The album's opening track, Marivere Gati, is a haunting melody that seamlessly blends traditional South Indian music with futuristic sounds. Vocals from Carnatic singer Susha float atop a pulsing beat, creating a hypnotic soundscape that transports the listener to another realm of cultural singularity. The Mahabharata-inspired Ey Paavi follows with its hypnotic 303 beats and Tamil vocals filtered through electronic effects. Featuring Kali Dass's soulful singing and a dynamic rhythm section, it is a song with an almost rap battle intensity between mythological rivals Duryodhana and Bhima. Dass adds a South Indian touch to Arisothari Yen Devi, where the combination of his stirring voice and a powerful bassline results in a heavy, almost industrial feel.

The album's centerpiece is Geeta Duniki, a stunning track with Susha's vocals again taking center stage, this time set against an upbeat melody of glitchy electronics and thundering drums. On Geeta Duniki, Ammar 808's production is masterful, weaving together layers of percussion, drone effects, and digital manipulation to create a rich and immersive sonic landscape. Susha appears again on Pahi Jagajjanani. This time her voice takes on a more ethereal quality, floating over a bed of shimmering electronics and subtle percussion. Slower and more contemplative than the rest, Pahi Jagajjanani is a beautiful and calming interlude before the album's introspective final track, Summa Solattumaa.
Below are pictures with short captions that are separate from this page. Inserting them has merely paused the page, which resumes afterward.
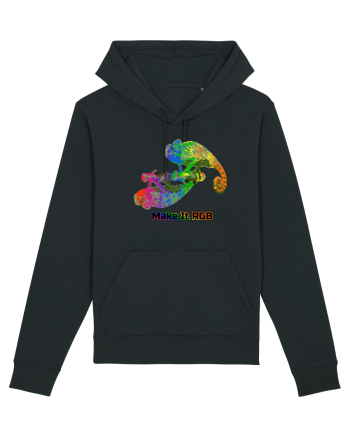 RGB Chameleon 2  Black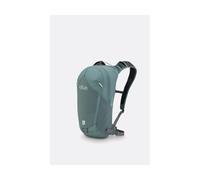 Rab | Tygen 12L-Tagesrucksack sage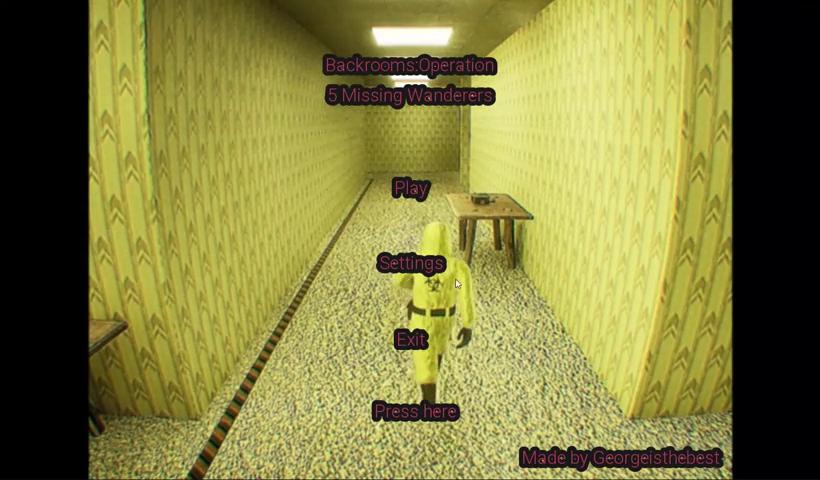 御三家Game-视频-【御三家Game】《幕后: 5名失踪的流浪者 》游戏宣传片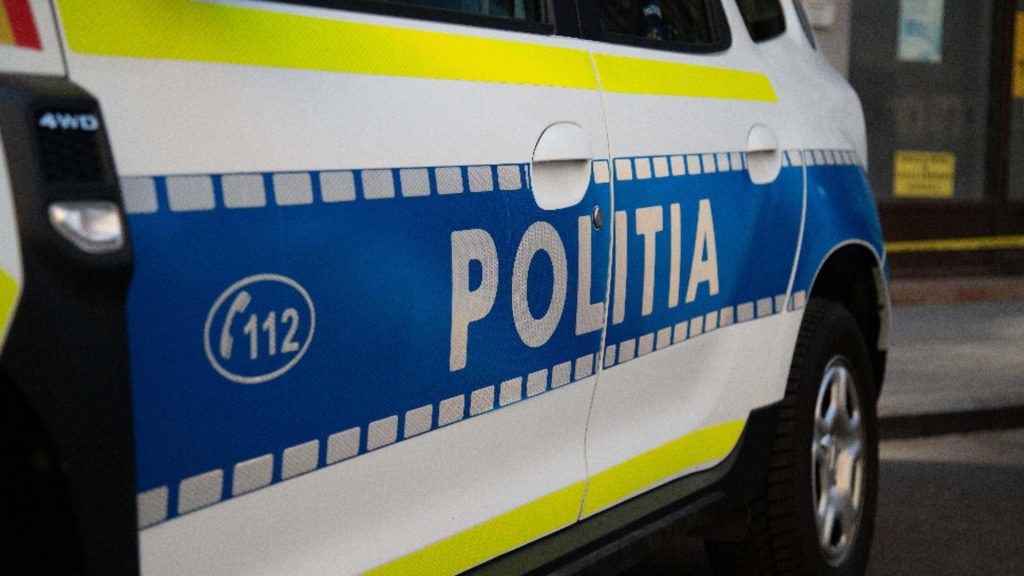 Incident socant in Dolj Barbat de 45 de ani retinut dupa ce si a atacat fratele in zona gatului Care este starea victimei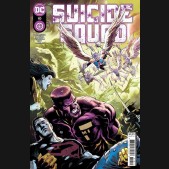 SUICIDE SQUAD #10 (2021 SERIES)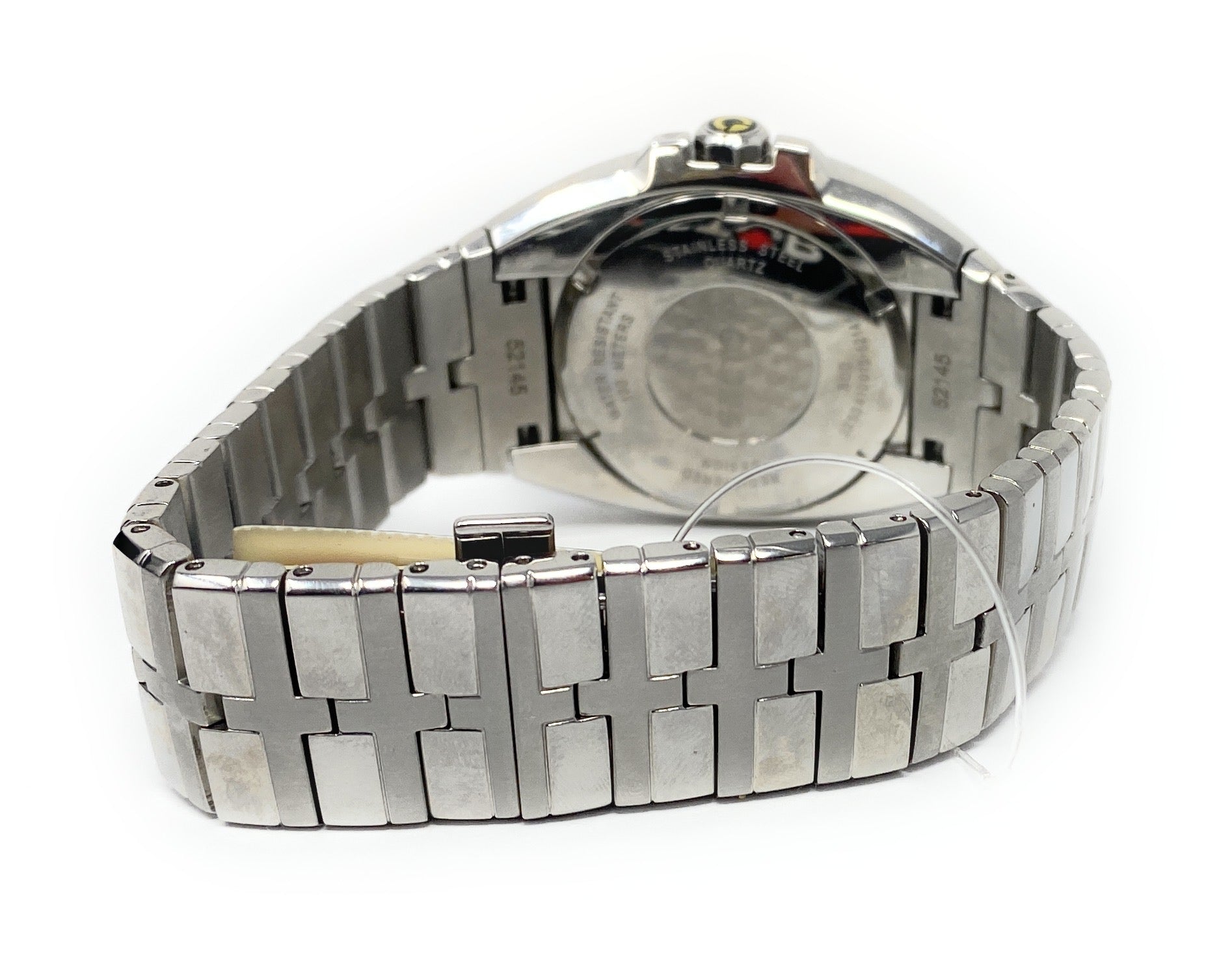 Male Sector 3253410015 315 MSRP "Wristwatch"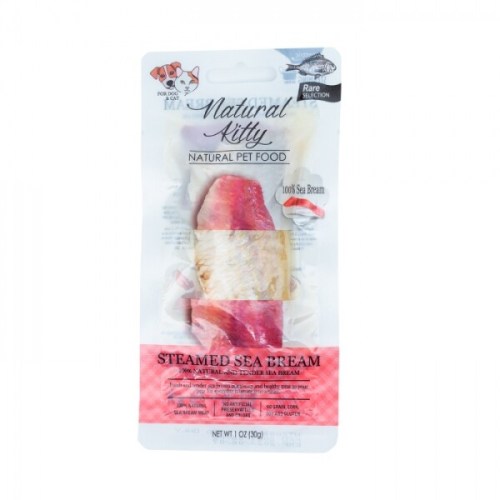 내추럴키티 도미 30g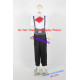 Death Parade Nona Cosplay Costume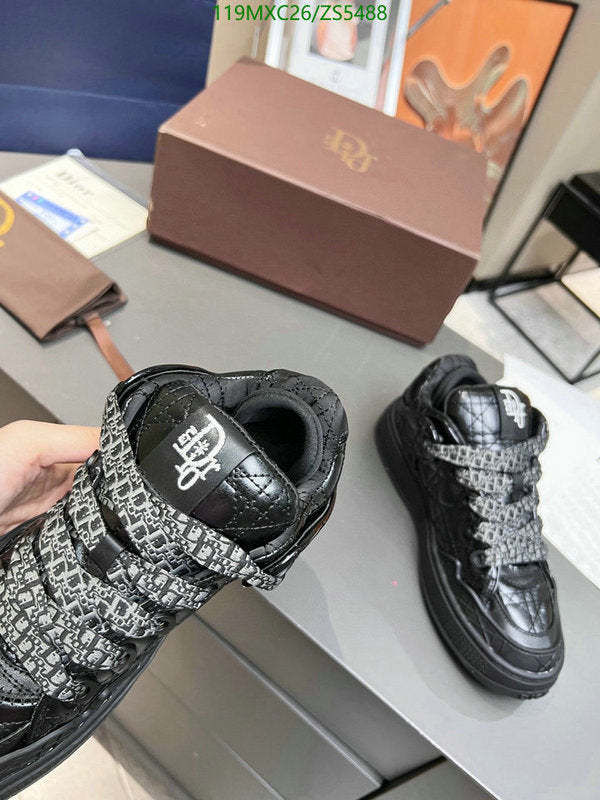 SAMC - DOR Women Sneakers - 114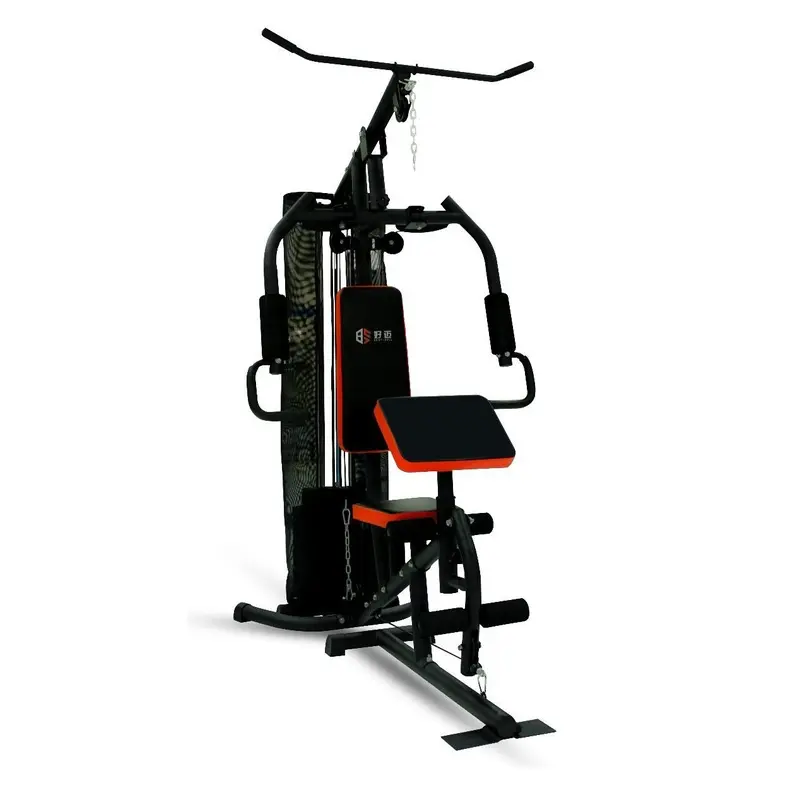 TA Sports Single Gym Trainer 75 KG | Prosportsae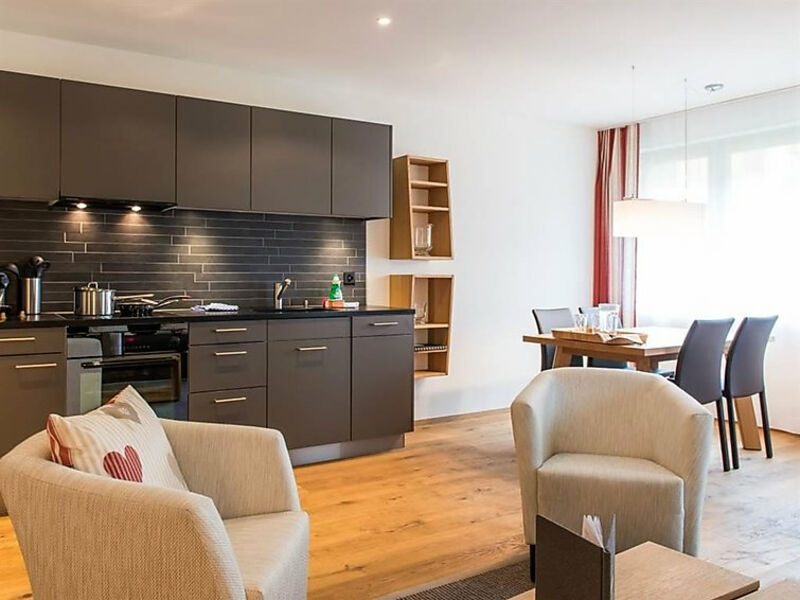 TITLIS Resort Wohnung 702
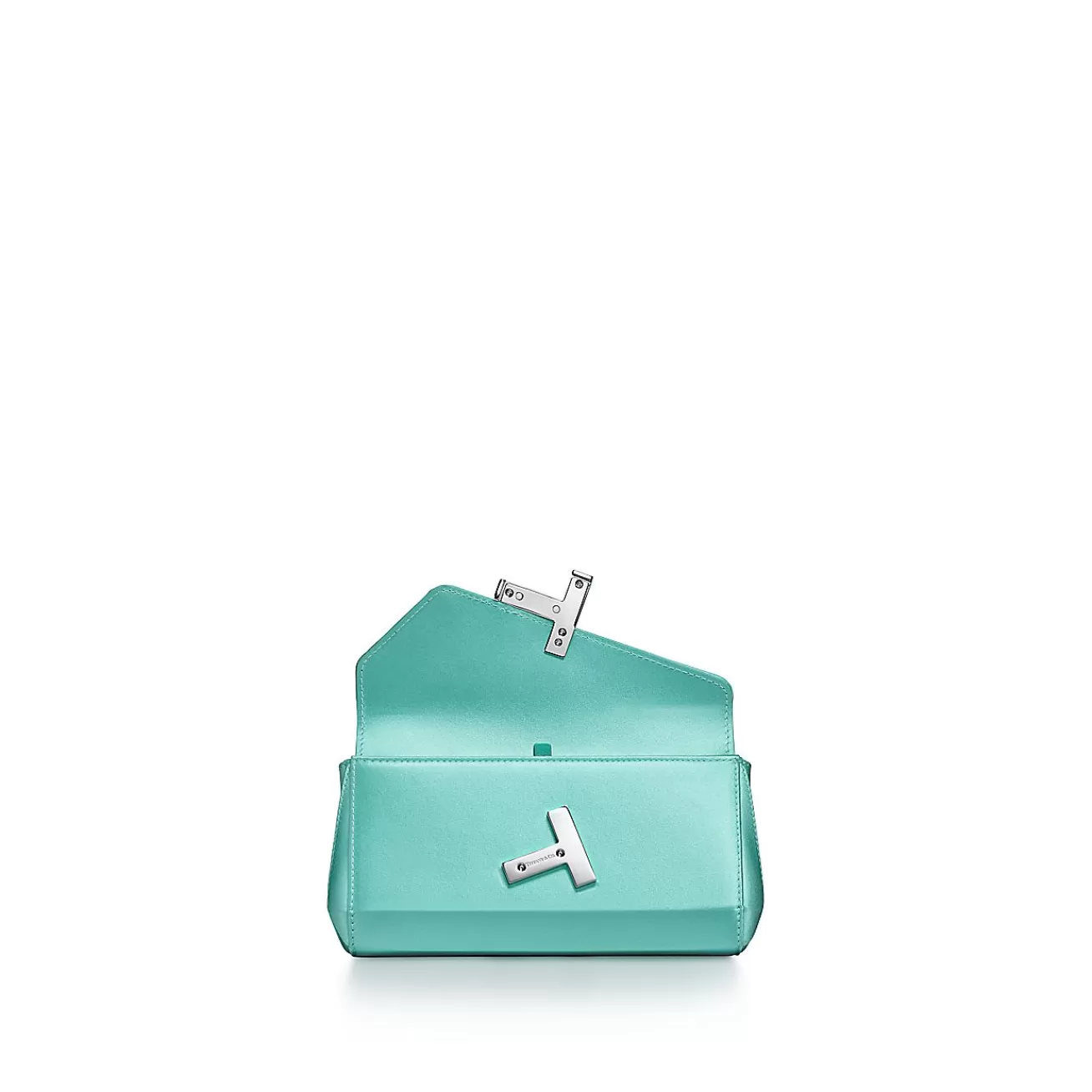 Tiffany & Co. Bags | Tiffany T Mini Clutch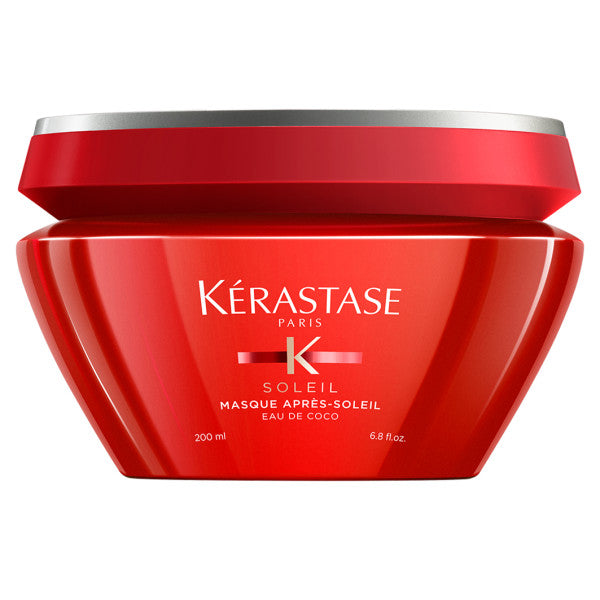 Kérastase Soleil Masq Après-Soleil Haarmasker Packshot 200ml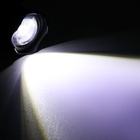 УЦЕНКА Фонарь налобный аккумуляторный, 50 Вт, 1000 лм, 6000 мАч, LED P70, 5 режимов, от USB - Фото 7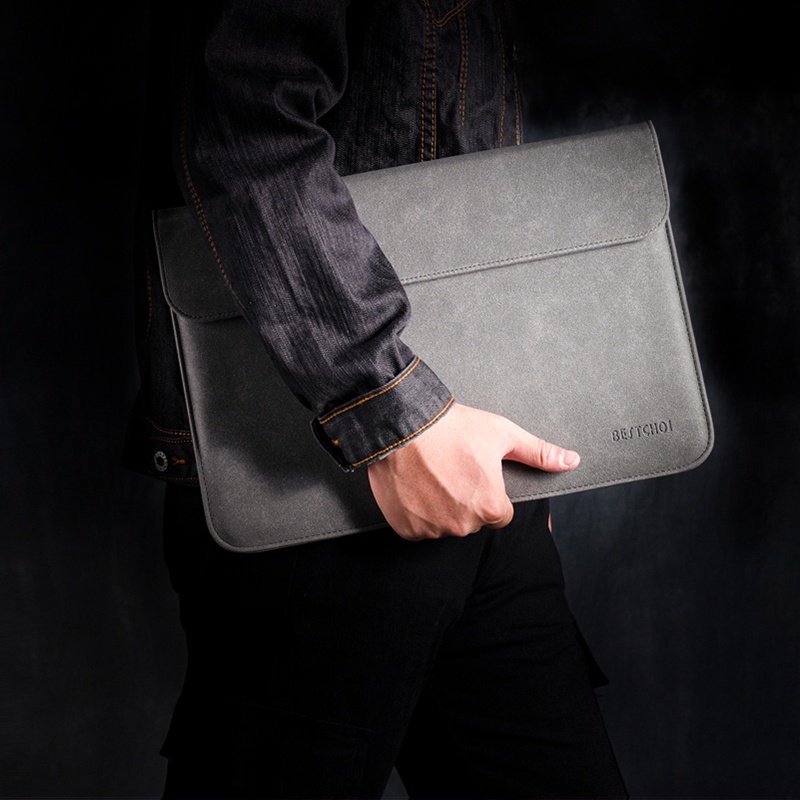 Laptop Sleeve for Microsoft Surface pro 7 case 2020 Tablet Protective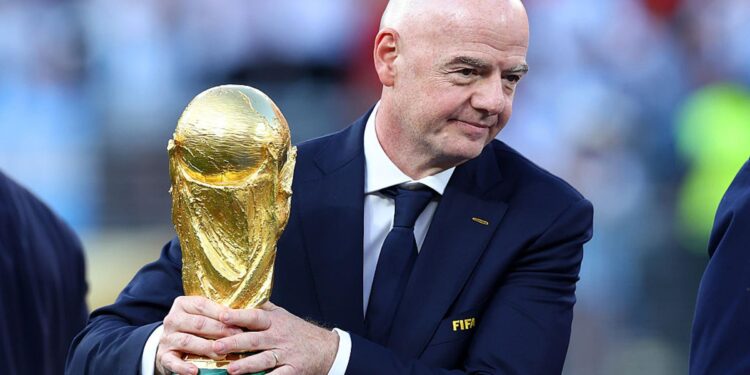 FIFA’s Infantino Scraps World Cup Funding Plan. However Is It Too Little, Too Late?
Despite its complex and often experimental nature, Global Control/Invisible Invasion never feels inaccessible or pretentious. Instead, Youssef's production is both lush and spacious, giving the album a sense of openness and room to breathe. At times, the album feels like a journey through different sonic landscapes, with each track offering a new perspective on Youssef's vision. Throughout, Youssef and his diverse range of artists expertly balance the traditional and the modern, creating an album that feels both timeless and forward-thinking. It's a testament to his skill as a producer and his willingness to push the boundaries of what's possible in music. Whether you're a fan of electronic music, traditional Indian music, or just great music in general, Global Control/Invisible Invasion is an album that deserves your attention, transcending borders and merging cultures.